GWEN IFILL: Finally tonight: What's become of the Arab spring? In 2011, there was great hope that democracy would replace authoritarian regimes in a number of countries in the Middle East, but that's not exactly what happened.
Chief foreign affairs correspondent Margaret Warner explains why.
MARGARET WARNER: As the fourth year of the Arab spring begins, the Middle East is seeing fresh waves of violence of widening scope.
In Syria, Sunni-led rebels long fighting President Bashar al-Assad's forces are now battling jihadi extremist units as well. In Iraq, where Sunnis are protesting the Shiite-dominated government of Prime Minister Maliki, militants linked to al-Qaida have seized key western cities. And in Lebanon, spillover from the Syria conflict has triggered car bomb assassinations of top Sunni figures and bombings of Shiite neighborhoods in Southern Beirut.
Marwan Muasher, former foreign minister and deputy prime minister of Jordan, takes a long view of all this in his new book, "The Second Arab Awakening and the Battle for Pluralism."
We sat down for a conversation about it at the Carnegie Endowment for International Peace.
Marwan Muasher, thank you for joining us.
What you call the second Arab awakening has so far seemed to have unleashed, basically, chaos and violence in Syria and in Libya, and new forms of undemocratic rule in Egypt, even Tunisia. Why is that?
MARWAN MUASHER, former Jordanian official: There is no transformational process in history that occurred the course of a short three years. The Arab world is no different.
The Arab world was living under a state of artificially induced stability for a long time, non-democratic governments, an Islamic opposition which promised the moon and did not -- was not put to the test to deliver on any of its promises.
Now that the lid has been taken off, all kinds of issues are coming out. So I think while it was simplistic to call it an Arab spring right after it occurred, expecting, you know, autocracies to evolve into democracies overnight, it is equally simplistic to think that this is an Arab winter, and that this is necessarily how the process will end.
MARGARET WARNER: So, do you think that this region will move to some sort of stable, but also open and democratic rule?
MARWAN MUASHER: I think what we have already seen is the bankruptcy of both the secular regimes and forces that are attempting to rule without a system of checks and balances and of a religious opposition which is promising the moon, but has not delivered on results.
That vacuum, if you will, that bankruptcy of both the secular and the religious forces has not been filled yet. Obviously, radical forces, al-Qaida types in Syria and other places, are attempting to make use of that to their own advantage.

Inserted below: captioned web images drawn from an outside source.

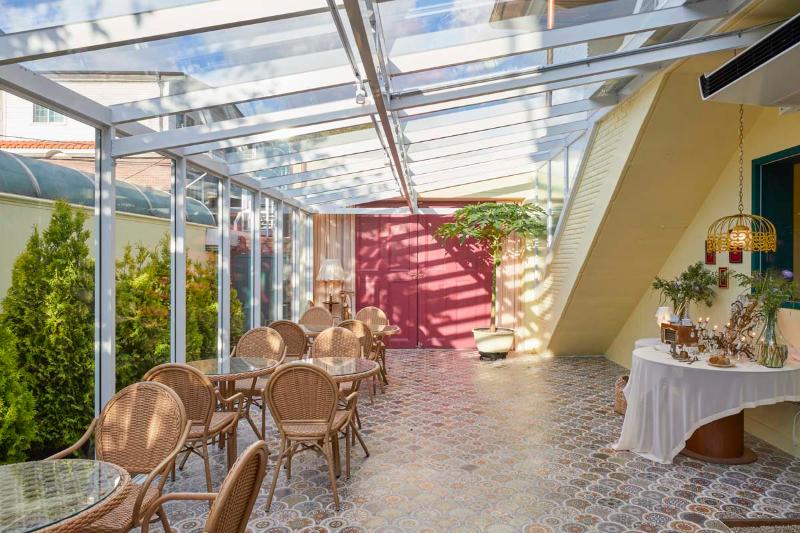 40 平咖啡厅的精致室内设计-15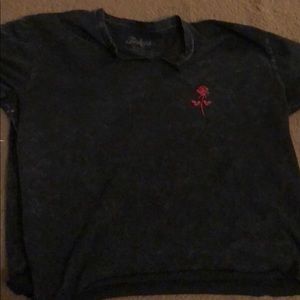 T shirt with rose embroidery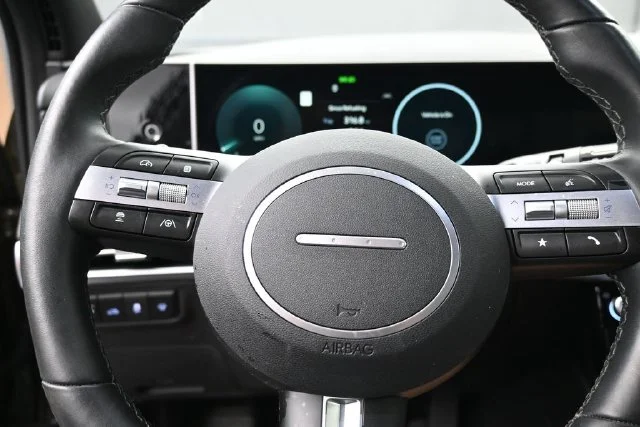 Used 2025 Green Hyundai Limited image 18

So far, what we have not seen are third forces which are, you know, for democracy, for pluralism, assert themselves in this new transformation, and to present themselves as credible alternatives, both to the religious opposition that is there in the Arab world and to the secular, both regimes and forces who are also behaving in an exclusionist manner, and not really putting in place institutions that would assure a democratic and pluralistic culture.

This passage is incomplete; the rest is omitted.